Despite advances in cancer treatments, the frequency of CV complications induced by anticancer agents (i.e., chemotherapy and targeted therapy) has been substantially increasing.⁴⁷ We applied the four best single classifiers as well as the combined classifiers to predict 5 types of CV complications for 63 anticancer small molecular agents, including 26 targeted therapeutic agents (kinase inhibitors in Figure 5A) and 37 chemotherapeutic agents (non-kinase inhibitors in Supporting Information, Figure S3). According to the known drug-induced CV complications labeled by Drugs@FDA database⁴⁸, we found a higher success rate of 87% (108/124) for the combined classifiers compared to the four best single classifiers (79%=392/496, Supporting Information, Table S4). For instance, pazopanib-induced cardiac failure and myocardial infarction are severe adverse reactions listed in the Drugs@FDA database and have been reported by several double-blind placebo-controlled trials in patients^49,50 and a variety of clinical reports.^51–54 Our combined classifiers successfully identified pazopanib-induced cardiac failure and myocardial infarction, while only one of the best single classifiers offered true prediction in this case. An additional example includes Arsenic trioxide (As₂O₃), which is approved for treating acute promyelocytic leukemia. Here itwas predicted to have potential cardiac failure by the combined classifiers, while only half of the best single classifiers generated the toxicity consistent prediction. Arsenic trioxide was reported to lead to dysfunction of myocardium and reduction of contractility,⁵⁵ suggesting 100% accuracy of the combined classifiers compared to 50% accuracy of the best single classifiers.

Figure 5.

Validation of the combined classifiers using reported experimental data from human pluripotent stem cell-derived cardiomyocyte assays and literature data. (A) Predicted cardiovascular complications for molecularly targeted cancer therapeutic agents (kinase inhibitors) by four best single classifiers and the combined classifiers respectively.
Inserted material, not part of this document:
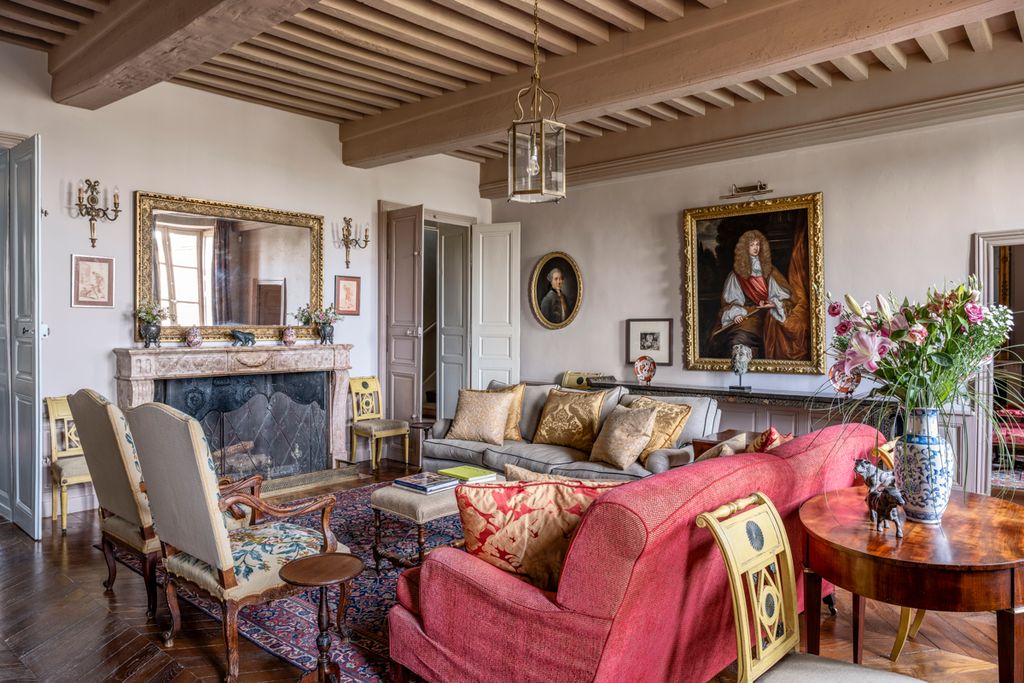 Maison la Cote d Or Burgundy Olivers Travels 3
Drugs existing in the training sets are underlined. (B) Comparison of cardiotoxic profiles from human pluripotent stem cell-derived cardiomyocyte assays (cardiac safety indexes described in Supporting Method S1) and the predicted probabilities from the combined classifiers for 16 kinase inhibitors. A lower cardiac safety index represents higher risk of cardiotoxicity. A predicted probability of more than 0.5 denotes an identified probable cardiovascular complication. A higher probability (e.g., 1.0) shows increased likelihood of cardiotoxicity. Red color indicates higher relative likelihood of drug-induced CV complications, while green or blue color indicates a lower relative likelihood of drug-induced CV complications. Note: HTN: hypertension; HB: heart block; Arrhy: arrhythmia; MI: myocardial infarction; CF: cardiac failure; MD: molecular descriptors; SubFP: Substructure fingerprint; kNN: k-nearest neighbors; SVM: support vector machine; RF: random forest; LR: logistic regression.

Human pluripotent stem cell-derived cardiomyocytes (PSC-CMs) are an effective way to assess drug cardiotoxicity in vitro.⁵⁶ We computationally evaluated CV complications using the combined classifiers for 16 tyrosine kinase inhibitors (TKIs) with known cardiotoxic profiles identified by PSC-CMs assays⁵⁶ and literature evidence. We calculated cardiac safety indexes (CSI) to provide a relative metric for cardiotoxicity by normalizing 4 contractility and viability parameters (cessation of beating, effective concentration, amplitude of effect, and median lethal dose) as described previously⁶ (See the details in Supporting Method S1). Then we compared CSI values with the corresponding true probabilities of having CV complications predicted by the combined classifiers. The combined classifiers successfully predicted the reported CV complications for all reported TKIs except vemurafenib (Figure 5B). Altogether, the combined classifiers show high accuracy for identification of drug-induced CV complications.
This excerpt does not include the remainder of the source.